Transportation Secretary Pete K. Rahn, on how he will trim costs of the project:

“The Purple Line will have the same alignment, it will have the same number of stations, and it will meet the needs of the metropolitan Washington area with its intended purpose of connecting the Marc system, Amtrack and Metro.

“The areas that we have reduced costs are areas such as reducing the headway of the cars from every six minutes to 7 1/2 minutes, which we project we’re not going to need for 12 to 15 years. That reduces the number of cars we need, it reduces the need for a second staging area for them.

“We’ve reduced a number of items out of this that, frankly, were producing a Cadillac project, and not a Chevy project.

“So we have a system that’s going to move people from where they are to where they’re going to need to go, and it’ll be a good system. But we've been able to reduce those costs, over 200 million dollars in our estimation. And with the larger share from the counties, we are looking at a reduction to the state here of well in excess of 300 million dollars.”

Hogan on whether he has considered other options for the Red Line:

“Well, look, the current proposal makes no sense whatsoever to almost anyone. It doesn’t make any economic sense at all. There are lots of different proposed solutions. We’ve already spent lots of time listening to lots of people with lots of ideas.

“Today we’re moving forward with the road improvements and with the Purple Line. The Red Line is at this point — is tabled. But we are going to look at every possible option for improving transportation in Baltimore. We’re going to be open to all kinds of suggestions.”

Rahn on alternative proposals:

“Actually I’ve heard a lot of alternatives to the Red Line...but none of the issues have been able to address the at least billion dollar tunnel at the center of this project. And that’s the fatal flaw of this project...

“This is a fatally flawed project that frankly needs to be set aside, as the governor has said, and we will look for other ways to try to assist Baltimore with its transportation needs.”

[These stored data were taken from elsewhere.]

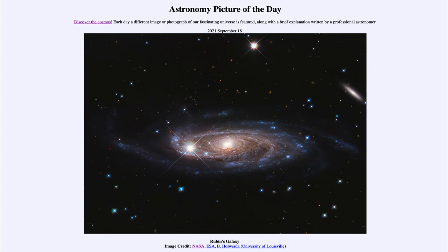We find that they are spinning far too rapidly for the amount of mass that we see. They would be tearing themselves apart if there is not more mass.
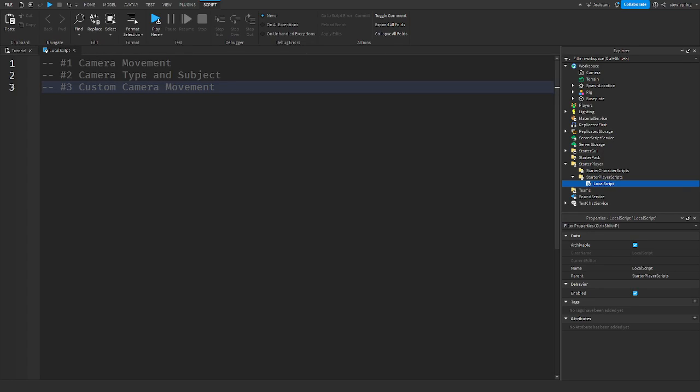Hello everyone and welcome back to another video. In today's video we're going to be going over camera movement and everything you need to know about it in Roblox Studio, so let's get right into it.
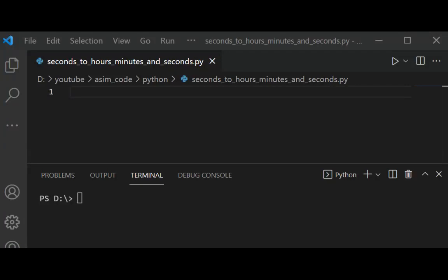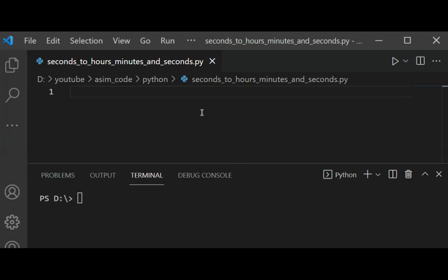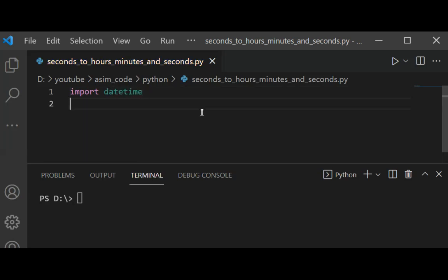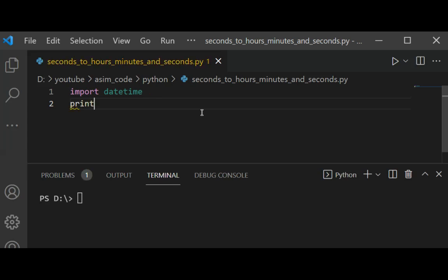So we are going to import datetime. This would be import datetime. And then we are going to use the print function, and then we are going to pass in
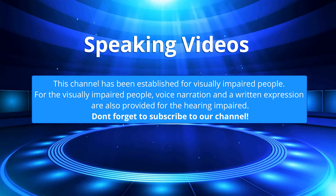This channel has been established for visually impaired people. For the visually impaired people, voice narration and a written expression are also provided for the hearing impaired. Don't forget to subscribe to our channel.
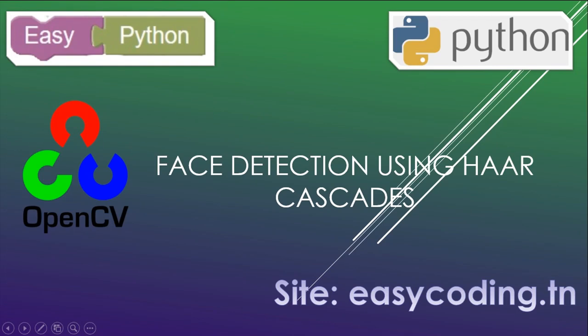Hello and welcome to this new video of the list dedicated to OpenCV. You will find the link of the full list in the description below.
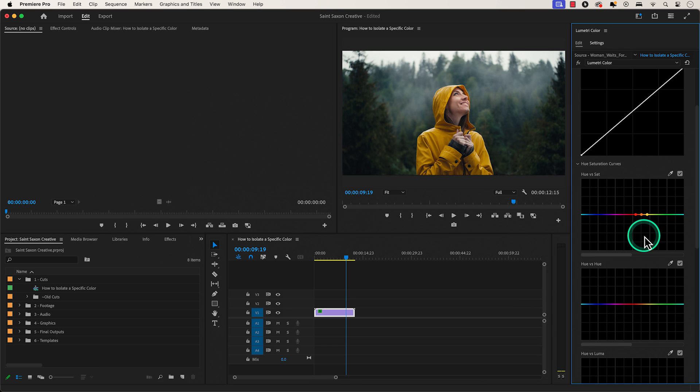And these dots are called control points which allow us to increase or decrease color saturation for a specific hue. The control point in the middle is the color we want to isolate. But we are only going to adjust the control points on the left and right side.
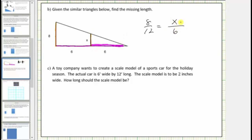Now that we have a proportion, let's determine the value of x, which is the missing length. Looking at the known lengths of twelve and six — because twelve divided by two is equal to six — to create an equivalent ratio, we also divide eight by two. Eight divided by two is four, so x equals four. Four is the missing length.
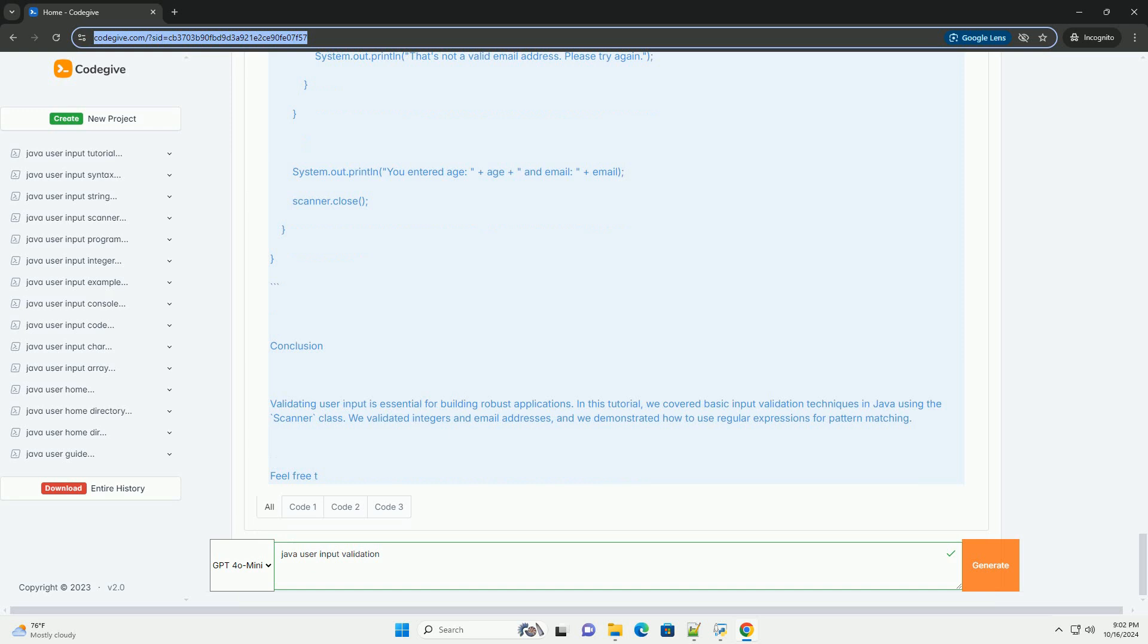Example two: Validating string input with regular expressions. Let's validate a simple email format using a regular expression.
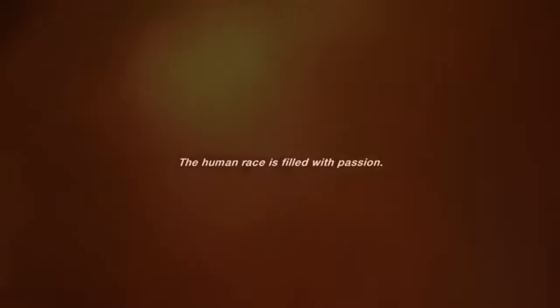The human race is filled with passion. Medicine, law, business, engineering. These are noble pursuits necessary to sustain life. But poetry, beauty, romance, love. These are what we stay alive for.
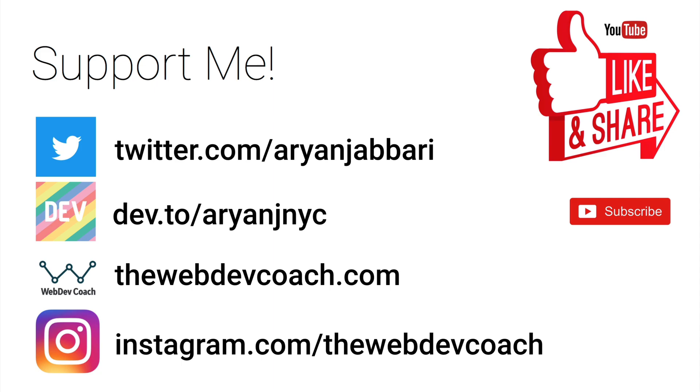We created a Nest.js application using the REST API using Prisma as an ORM. If you liked this video, please support me. Follow me on Twitter. Click the subscribe button below. Click the like button below. Click the notification bell below. Subscribe to me on Twitter, on dev.to, et cetera. Thanks a lot for watching. Peace.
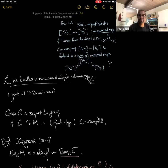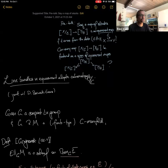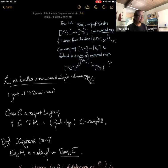We're pleased to have Arnav Tripathy, who's newly from Stanford University. He'll tell us about line bundles in equivariant elliptic cohomology over the complex numbers, with Dan Berwick-Evans.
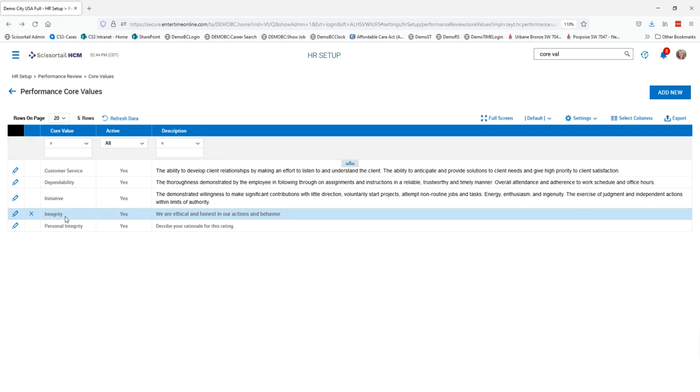Another thing to note is that if you make a change to any of the core values here it will change the core values on all of the performance reviews that are already out there with that particular value attached. So these will automatically update in any performance review that is already set up with them in it.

Hogan, asked if he will reveal how much he is asking Montgomery and Prince George’s Counties to pony up:

“No. We won’t.”

Hogan, on what convinced him to green-light the Purple Line:

“It was everything added together. But, finding some cost savings and being able to do it with less expense to the state taxpayers was a major factor. You know, we saw a lot of the benefits of it, with respect to economic development, job creation, and if it was still costing 700 million dollars of state taxpayers money, it probably wouldn’t have, but look, we could get the cost down overall, you know, and that was that.”

On job projections:

“I’m skeptical about some of the projections. I mean, some people just come up with wild expectations about how many jobs it’s going to create. But there’s no question in my mind that it’s going to be worthwhile long-term for the investment and the potential jobs that are being created.”